A laboratory method for the simulation of in-situ leaching of uranium was developed under contract to the Interior Department’s Bureau of Mines. Simulation tests using sulfuric acid, ammonium bicarbonate and sodium carbonate as reagents, and hydrogen peroxide as oxidant were carried out with representative ores from Texas and Wyoming. The tests not only yielded recovery rates of uranium and permeability changes, but also qualitative inferences on the chemical and physical phenomena which occur underground. Leaching with basic solutions was found to be kinetic constrained and with acid solutions, equilibrium constrained. The rapid permeability changes observed when leach solutions were introduced, were probably caused by gas blockages in the packing.
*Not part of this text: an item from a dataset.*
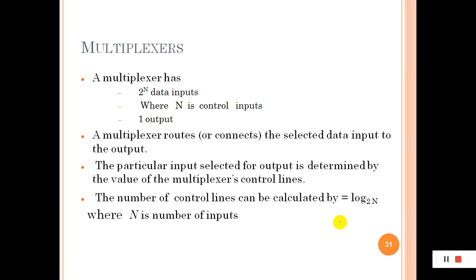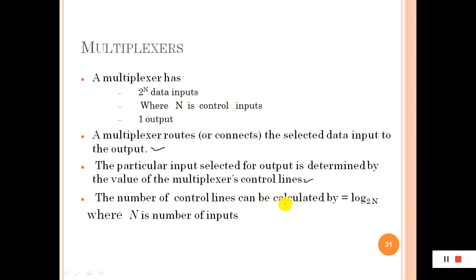Features of the multiplexer: it has 2^n data inputs, where n is the number of control inputs, and one output. A multiplexer routes the selected data input to the output. The particular input selected for output is determined by the value of the multiplexer control lines. The number of control lines m can be calculated by the formula m = log₂(n), where n is the number of inputs of the multiplexer.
Precipitation of calcite or gypsum and the reaction of clay to leach solutions had slow and gradual effect on the packing permeabilities.
The In-Situ Simulation System
The following features were considered in arriving at an acceptable design:
- Ore sample container of representative geometry (cylindrical, rectangular slab, etc.) capable of operating at temperature and pressure constraints occurring in in-situ leaching, o Adequate sampling ports for obtaining solution and ore samples for analysis and characterization.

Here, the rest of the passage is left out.